2. Nerf ulnaire au coude

a. Symptômes et signes sensitifs
  • Paresthésies des 4e et 5e doigts.
  • Hypoesthésie du territoire du nerf à la main.
b. Symptômes et signes moteurs
  • Déficit moteur des muscles intrinsèques de la main (interosseux) et respect du muscle fléchisseur ulnaire du carpe.
  • Amyotrophie des espaces interosseux (surtout le premier espace) et de l'éminence hypothénar.
c. Causes
  • Compression dans la gouttière épitrochléo-olécrânienne, notamment lors de l'appui prolongé (exemple le coude appuyé sur une table).
  • Ou compression par un cal osseux ancien consécutif à une fracture du coude.
d. Traitement
  • Immobilisation du coude par attelle de repos dans un premier temps.
  • Traitement chirurgical, si nécessaire (transposition du nerf ulnaire de la gouttière épitro-chléo-olécrânienne à la partie antéromédiale de l'avant-bras).

3. Nerf radial dans la gouttière humérale

a. Symptômes et signes sensitifs
  • Peu ou pas présents.
  • Territoire : 1er espace interosseux dorsal.
b. Symptômes et signes moteurs
  • Déficit moteur de l'ensemble du territoire sous-jacent (muscle brachioradial et extenseurs des doigts et du poignet) responsable d'une main tombante.
  • Respect du muscle triceps et du réflexe tricipital.
c. Causes
  • Fractures de l'humérus.
  • Lors de compression externe prolongée du nerf dans la gouttière humérale (paralysie posturale : bras comprimé sous une tête ou le corps en décubitus latéral).
d. Traitement

La compression externe prolongée est le plus souvent spontanément résolutive, mais la chirurgie peut être nécessaire en cas de fracture humérale.

4. Nerf fibulaire

a. Symptômes et signes sensitifs
  • Déficit sensitif discret intéressant une zone cutanée du dos du pied (cou-de-pied).
  • Pouvant s'étendre sur la face latérale de la jambe.
b. Symptômes et signes moteurs
  • Déficit des muscles de la loge antérolatérale de jambe (fibulaire, tibial antérieur, long extenseur des orteils, long extenseur de l'hallux, court extenseur des orteils).
  • L'ensemble réalise un steppage lors de la marche.
c. Causes
  • Compression externe aiguë indolore : paralysie posturale :
    • appui prolongé sur la région de la tête de la fibula ;
    • position assise jambes croisées;
    • position allongée et amaigrissement (séjour en réanimation) ;
    • travail en position agenouillée.
  • Vascularite : paralysie aiguë douloureuse.
d. Traitement
  • Abstention en cas d'atteinte posturale aiguë.
  • Chirurgie en cas de formes progressives ou si une cause locale de compression a été trouvée (kyste synovial articulaire de la fosse poplitée).

II. Radiculopathies

Les radiculopathies sont les pathologies de la racine nerveuse, zone du système nerveux périphérique située entre l'émergence de la moelle épinière et le foramen intervertébral (cf. figure 7.1).

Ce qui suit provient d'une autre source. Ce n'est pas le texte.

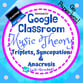 Music Theory Unit 14, Lesson 57: Triplets/Syncopation/Anacrusis Digital Resources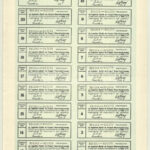 Budapest 1924. 'Ingatlan-, Építő és Faipari Részvénytársaság, Budapest' 25 részvénye egyben, összesen 25.000K-ról szelvényekkel, szárazpecséttel T:II- - Image 2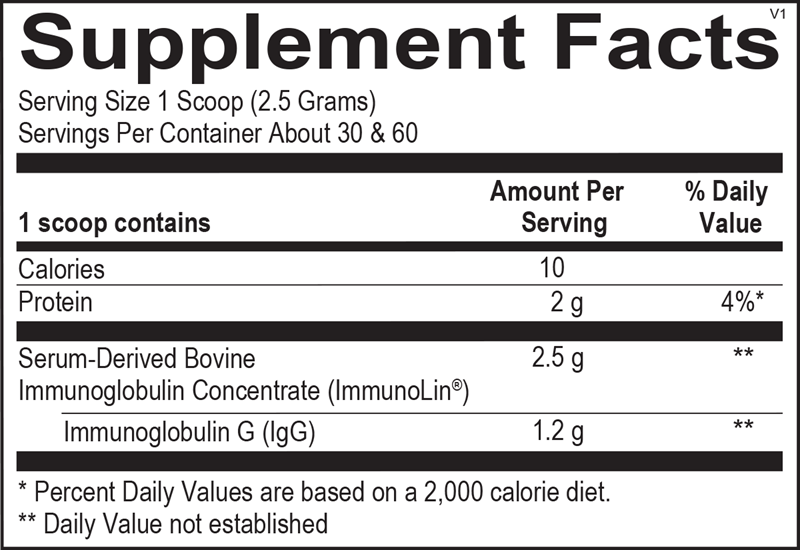 A picture of the supplement facts label.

A. Complications neurologiques de la pathologie rachidienne lombaire

Ces complications sont dues le plus souvent à des lésions dégénératives osseuses acquises (arthrosiques) et/ou discales (conflit discoradiculaire), responsables d'une sténose progressive du canal vertébral. Plus rarement, il peut s'agir d'une cause tumorale, telles les lésions intradurales (tumeurs radiculaires : neurinomes ; du filum : épendymomes) et les lésions épidurales (métastases ostéo-épidurales), ou infectieuses (spondylodiscites).
Aux membres inférieurs, les radiculopathies L5 et S1 sont improprement appelées «sciatiques» . Le nerf sciatique étant le principal tronc nerveux du membre inférieur, son atteinte ne correspond pas à une radiculopathie.

1. Symptômes cliniques

La symptomatologie comporte :

  • des douleurs rachidiennes lombaires pouvant être aiguës (lumbago responsable d'une contracture réflexe), volontiers à l'issue d'un effort de soulèvement, ou chroniques évoluant de façon insidieuse;
  • une douleur radiculaire (radiculalgie) :
    • unilatérale, partant de la région lombaire basse et adoptant le trajet correspondant à la racine concernée jusqu'au pied :
      • L5 : dessus du pied (cou-de-pied) jusqu'au gros orteil,
      • S1 : dessous du pied,
    • ce trajet peut être tronqué, c'est-à-dire limité à une zone du trajet radiculaire complet, par exemple jusqu'au genou ou uniquement à la jambe et au pied; la douleur est typiquement mécanique, accentuée par les efforts, la station debout, calmée par le décubitus ; elle peut être impulsive à la toux ou aux efforts de défécation :
      • radiculalgie S1 : face postérieure de la fesse, de la cuisse, du mollet jusqu'au talon, plante du pied et 5e orteil,
      • radiculalgie L5 : partie postéro-latérale de la cuisse, face latérale de jambe jusqu'au dos du pied et aux premiers orteils ; quelquefois trajet inguinal associé,
      • radiculalgie L4 : face antérolatérale de la cuisse, bord antérieur de la jambe, malléole médiale, rarement gros orteil,
      • radiculalgie L3 : partie postéro-médiale puis antéromédiale de la cuisse, sans dépasser le genou;
  • un déficit moteur :
    • mineur ou modéré, fréquemment observé, correspondant aux muscles innervés par la racine correspondante,
    • complet et aigu en cas de sciatique paralysante.

2. Examen clinique

Il comporte un examen du rachis lombaire et un examen neurologique.

a. Signes rachidiens

Ils sont soit spontanés (effacement de la lordose lombaire, inflexion latérale du côté opposé à la douleur), soit responsables d'une limitation des mouvements (flexion antérieure du tronc : mesure de la distance doigts-sol ou de l'indice de Schöber ; inflexions latérales).

b. Signes radiculaires
  • Signe de Lasègue (en décubitus dorsal, l'élévation du membre inférieur va reproduire la douleur radiculaire L4, L5 ou S1 à partir d'un certain angle par rapport au plan du lit).
  • Signe de Léri (en décubitus ventral, l'hyperextension de la cuisse sur le bassin, membre inférieur en extension, peut reproduire une douleur L3 ou L4).
  • Signes moteurs déficitaires du territoire radiculaire correspondant.
  • Troubles de la sensibilité dans le territoire radiculaire.
  • Anomalie des réflexes tendineux (cf tableau 7.1) :
    • abolition du réflexe calcanéen (achilléen) signant l'atteinte radiculaire S1 ;
    • abolition du réflexe patellaire (rotulien) lors des atteintes L3 ou L4 ;
    • à noter : pas de perte de réflexe en cas d'atteinte L5.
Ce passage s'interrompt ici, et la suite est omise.